Salgado is famous for having adopted an aggressive style on the field, being a very intelligent defender with competitive attitude – a role reflective of his personality. “When I was playing for Real Madrid you had to fight for your place every single day, so I was always pushing myself forward, similar to what I do in real life. I have always strived to win, and more importantly, to win with style.”
Salgado recently partnered up with his wife to launch a charity organisation supporting disadvantaged football youth talents in Galicia region of Spain. “We’ve started small, keeping it personal and real with a view to expanding it eventually to play an important role in the lives of kids’ right across Spain,” he says.
In addition, Michel has supported Chevrolet and the One World Play Project by hosting training sessions for children. Last December, he helped donate 5,000 ultra-durable footballs to children living in disadvantaged areas in Jordan.
Since 2014, Salgado has been a brand ambassador for the automotive brand Chevrolet in the Middle East. “Chevrolet is synonymous with performance, sportsmanship, and integrity and I like that they are a strong supporter of youth sports.

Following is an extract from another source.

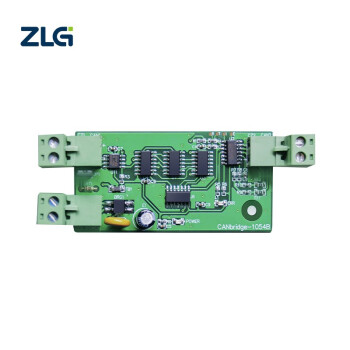 ZLG致远电子 CAN隔离网桥中继容错转换板 CANBridge-1054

We both understand the key role that football can play in terms of the development of children and communities, and helping children get involved with sport teaches not only technical skills, but important values and life skills such as teamwork, leadership, passion, and dedication.”
Some of Salgado’s favourite activities involve aquatic sports. Living in Dubai, the beach is one of his most enjoyable outings. “I enjoy being out in the sea catching waves on my surfboard. I feel free as I wait in the middle of the sea. Those of us who have been born by the sea know this feeling. I suppose that’s why I also enjoy sailing and I am the proud owner of a yacht called Tibu II.”
The word ‘tibu’ is short for tiburón, the Spanish word for ‘shark’, which is what his friends call him in his Spanish hometown, Vigo.
When he’s not reading one of his historical novels on ancient Rome or Greece – his favourite author is Valerio Massimo Manfredi (author of Alexander, Spartan and The Talisman of Troy) – he’s enjoying quality time with his family - either at home or while travelling to destinations around the world.
“As I’m involved in coaching right now and I’m learning, I spend good time studying football. It’s a great way to update yourself and to find your own style of coaching. Football is always evolving and you can’t get stuck in the past.
“Football is in my blood and I cannot imagine a time when it doesn’t play a major role in my life. Right now, I am focused on growing the football community in the Middle East and continue to extend my sporting media commitments. Professional coaching might come at certain point but I don’t want to rush, as I didn’t know that I was going to enjoy formation football that much and I do.
“Though, there is nothing I enjoy more than spending time with my wife and three children – those are precious times and the ones I enjoy the most. I look forward to travelling more with my family. We enjoy seeing new things and meeting different people – experiencing life and collecting memories that no-one can take away from us.”